Тулым прислушалась к звукам снаружи и улыбнулась.
- Пир начался. Слышишь музыкантов? Потом у девушек спрошу, как оно прошло, и расскажу. Да?
Камайя кивнула. Какая разница? Очередное непотребное возлияние под музыку, бессмысленное по своей сути. «Напои соседа прежде, чем свалишься пьяным сам».
Шершавая войлочная стена шатра скрывала за собой прочные деревянные рейки. Если долго, долго ковырять ногтем свалянную шерсть, можно добраться до этой основы.
- Я надеюсь, в наступающем году порадую господина счастливой новостью, - сказала Нуун, подсевшая к Иймэт и её гостье. - Только…

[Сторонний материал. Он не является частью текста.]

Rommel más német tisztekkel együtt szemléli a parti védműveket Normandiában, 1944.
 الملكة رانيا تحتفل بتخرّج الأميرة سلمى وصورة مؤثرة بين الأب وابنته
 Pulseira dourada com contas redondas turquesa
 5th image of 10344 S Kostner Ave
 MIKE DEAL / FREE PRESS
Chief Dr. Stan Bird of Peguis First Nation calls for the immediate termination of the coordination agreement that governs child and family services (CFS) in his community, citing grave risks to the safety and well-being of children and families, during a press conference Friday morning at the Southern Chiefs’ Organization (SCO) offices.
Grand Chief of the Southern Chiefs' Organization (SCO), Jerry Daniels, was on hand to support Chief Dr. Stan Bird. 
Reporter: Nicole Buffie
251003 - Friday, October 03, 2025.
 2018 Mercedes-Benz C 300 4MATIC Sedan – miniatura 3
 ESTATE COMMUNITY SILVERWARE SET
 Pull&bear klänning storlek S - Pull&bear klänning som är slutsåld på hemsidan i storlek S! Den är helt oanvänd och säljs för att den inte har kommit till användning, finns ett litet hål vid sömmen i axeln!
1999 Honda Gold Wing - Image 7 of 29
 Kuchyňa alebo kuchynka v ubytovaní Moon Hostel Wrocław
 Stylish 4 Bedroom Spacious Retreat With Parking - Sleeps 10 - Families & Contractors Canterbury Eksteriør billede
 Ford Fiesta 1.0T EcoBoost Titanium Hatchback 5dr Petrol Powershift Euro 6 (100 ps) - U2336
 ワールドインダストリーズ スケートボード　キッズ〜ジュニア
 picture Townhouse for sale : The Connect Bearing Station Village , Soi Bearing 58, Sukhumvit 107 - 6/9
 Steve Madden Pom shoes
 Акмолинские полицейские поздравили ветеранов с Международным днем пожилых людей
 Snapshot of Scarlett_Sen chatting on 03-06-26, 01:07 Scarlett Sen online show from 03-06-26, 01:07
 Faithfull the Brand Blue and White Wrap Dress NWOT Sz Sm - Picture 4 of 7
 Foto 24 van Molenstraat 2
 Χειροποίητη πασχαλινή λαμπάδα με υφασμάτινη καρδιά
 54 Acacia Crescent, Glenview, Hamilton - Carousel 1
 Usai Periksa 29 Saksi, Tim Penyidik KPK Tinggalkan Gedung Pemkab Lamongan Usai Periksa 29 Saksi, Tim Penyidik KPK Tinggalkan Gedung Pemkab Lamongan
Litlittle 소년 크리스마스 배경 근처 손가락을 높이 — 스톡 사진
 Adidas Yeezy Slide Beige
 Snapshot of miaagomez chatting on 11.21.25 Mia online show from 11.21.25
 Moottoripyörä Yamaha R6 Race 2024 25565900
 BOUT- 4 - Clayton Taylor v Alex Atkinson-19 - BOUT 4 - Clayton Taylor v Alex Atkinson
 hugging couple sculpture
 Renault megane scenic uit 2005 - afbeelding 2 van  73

Они перешли на шёпот, и Камайя вздрогнула. Мурашки опять пробежали по коже, и страх сковал грудь. Что же она натворила с утра?! Она рискует всем! Своей жизнью!
Мааныл наигрывала какую-то весёлую, неторопливую напевную мелодию, и девушки, звеня браслетами и тихо смеясь, танцевали. Танец был тяжёлым, как бёдра Тинхэн, в нём не было полёта, он был вязким и густым, как запах масел для притираний, и неторопливым, но чувственным. Камайя повернулась на другой бок и смотрела, как они танцуют, а потом снова едят сладости.
- Госпожа… - Дверь открылась, и в шатёр зашла Десмаат. Родинка на кончике её носа опять поймала взгляд Камайи. - Господин просил передать…
Керме лежал на протянутой ладони Камайи, и запах его отзывался в каждом биении сердца. Она подняла глаза на служанку. Господин ошибся. Это фальшь. Он верит в то, во что хотел верить, но это ложь. От начала и до конца.
Она встала и подошла к Нуун, оправляя серый халат. Взгляд Нуун был тяжёлым, как намокший меховой плащ, и настороженным, как вспугнутая птица.
- Я знаю, что это значит. Господин зовёт тебя, Нуун, - сказала она, протягивая ей керме. - Передай ему это.
Она отвернулась под непонимающее восклицание Десмаат и Вирсат и уселась на свою постель, натягивая покрывало до подбородка. Надо придумать что-то. Руан писал, что на этот риск придётся пойти, но она не может. Это сломает её жизнь, её планы, это разрушит всё! Она не может рисковать жизнью, даже ради дома. Её жизнь превыше всего.